てなわけで、トップ15位までをちょっと見てみましょう。
The Top 15 Global Universities
1. Harvard University (米)
2. Stanford University (米)
3. Yale University (米)
4. California Institute of Technology (米)
5. University of California at Berkeley (米)

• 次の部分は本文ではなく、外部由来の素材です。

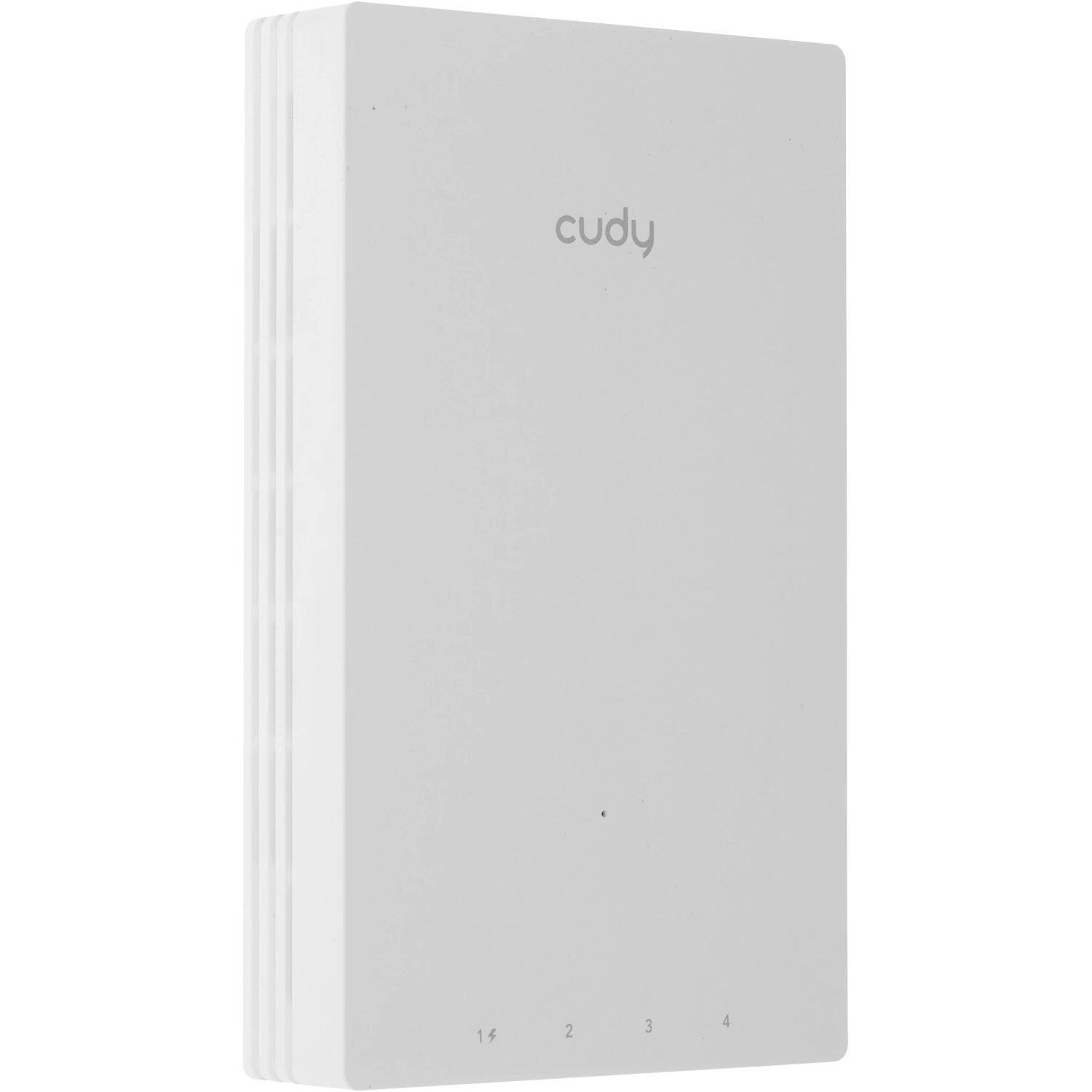 Точка доступа/ AX3000 Dual Band Wi-Fi 6 Wall Plate Access Point, Chipset MT7981+MT7531AE+MT7976CN, 802.11ax/ac/a/b/g/n, 2402Mbps at 5GHz + 574Mbps at 2.4GHz, 1 x Gigabit PoE-IN Port, 802.3af / at, 4 x Gigabit RJ45 ports, LAN1 support PoE Out, Cudy Mesh Support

6. University of Cambridge (英)
7. Massachusetts Institute Technology (米)
8. Oxford University (英)
9. University of California at San Francisco (米)
10. Columbia University (米)
11. University of Michigan at Ann Arbor (米)
12. University of California at Los Angeles (米)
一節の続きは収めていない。